Does anyone know where I can find the CST C667 tires in the usa?

Are there any other options in 2020?

Our son has gone through the rear Vee Speedster 18s on his redline in about 3 week.s


----------



## kabayan (Oct 25, 2004)

New tire option from Turn3. In stock right now at bmxguru.

https://www.facebook.com/turn3racing/

https://www.bmxguru.com/products/18...8-x-1-400mm-rims?_pos=72&_sid=3298d2add&_ss=r


----------



## brian996 (Jun 22, 2020)

kabayan said:


> New tire option from Turn3. In stock right now at bmxguru.
> 
> https://www.facebook.com/turn3racing/
> 
> https://www.bmxguru.com/products/18...8-x-1-400mm-rims?_pos=72&_sid=3298d2add&_ss=r


Thanks for the update. This is an option that I actually took advantage of.

Three observations with my experience in using them with a 2020 Redline Micro:

1. You will still need to grind the center of the fork down about 1/2 inch to gain enough clearance for the center of the tire, as these are almost 19in in diameter once mounted and filled.

2. They are extremely difficult to mount to the rim. After breaking my back trying, I took them to the local trek dealer who gave up after 30 minutes and breaking 2 of his tire levers. He just handed me back 2 half mounted tire / rims. I was able to get them mounted with the help of my local track parts dealer.
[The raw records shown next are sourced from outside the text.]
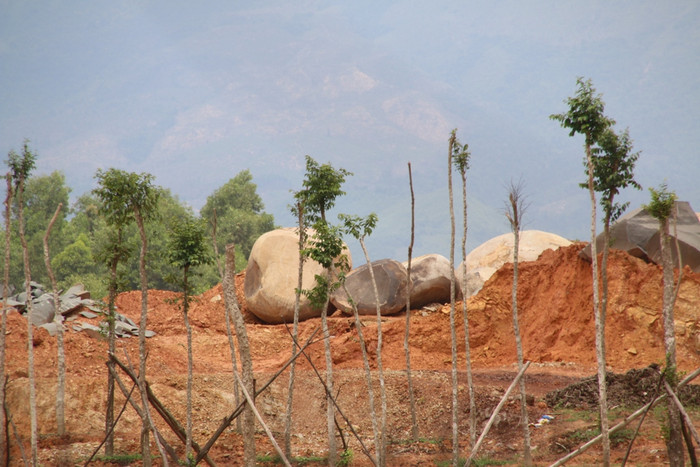 Nhiều tảng đá lớn trong "trang trại kiểu mẫu" của đại gia Ngọc Anh nằm ngổn ngang, xen kẽ giữa một số cây xanh. Ảnh Thùy Linh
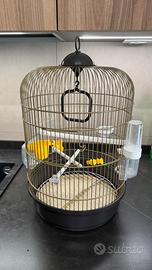 2 GABBIE CANARINI PAPPAGALLO VASCHETTA PER BAGNO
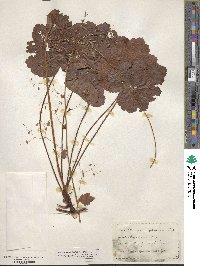 Heuchera cylindrica image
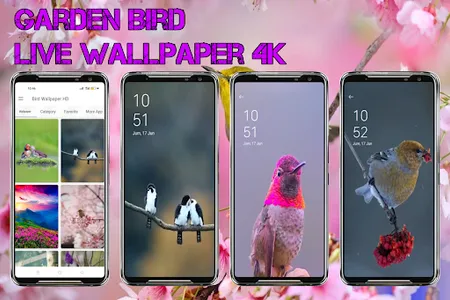 Garden Bird Live Wallpaper 4K screenshot 2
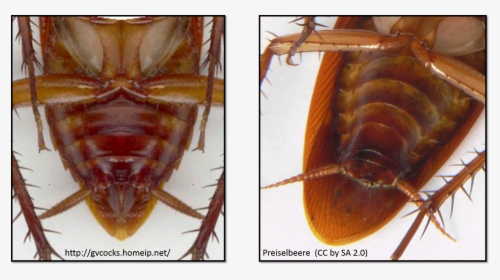 Types Of Subgenital Plates As Seen In Two Cockroaches - Difference Between Waterbug And Roaches, HD Png Download, Free Download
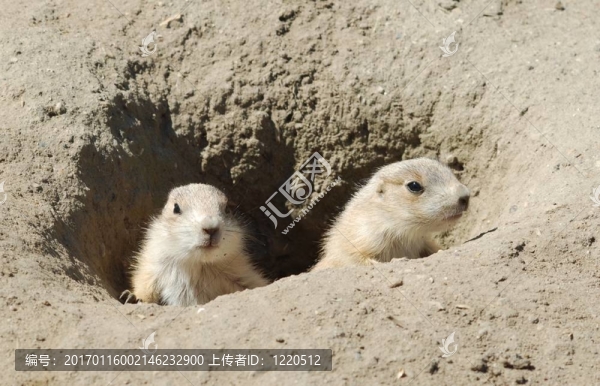 草原犬鼠-匯圖網(wǎng) www.fosd68.com 草原犬鼠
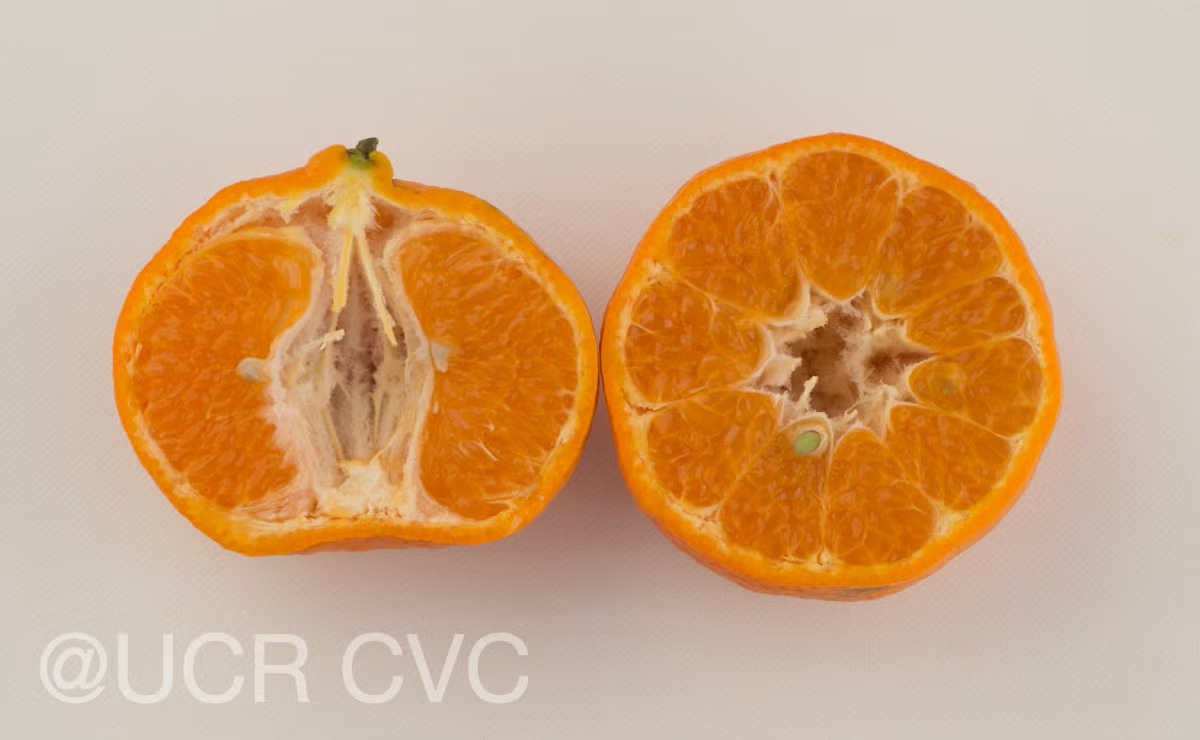 Richard's Special Mandarin Budwood citrus plant material online shopping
He has something called a tire bead jack that finally got them on, but it still wasn't without a lot of time and pain. (https://www.jensonusa.com/Kool-Stop-Tire-Bead-Jack-With-Handle)

3. They are extremely heavy compared to the stock 18 x 1 Vee Speedsters. (about 1/2 pound more each) My 3 year old immediatly started going noticibly slower, so I went back to the Vee after about a month. I did need to cut the wire bead on the Turn3 before the tire could be removed, there was no other option. Chaning a flat would defintely mean replacing tire as well.

In the end it was a terrible experience for me, and wasn't at all worth the trouble. Yours may differ.

On the plus side, they are extremely duable, and provide a lot of added protection for the rim.

The real solve was just moving to a micro frame with 20in tires.


----------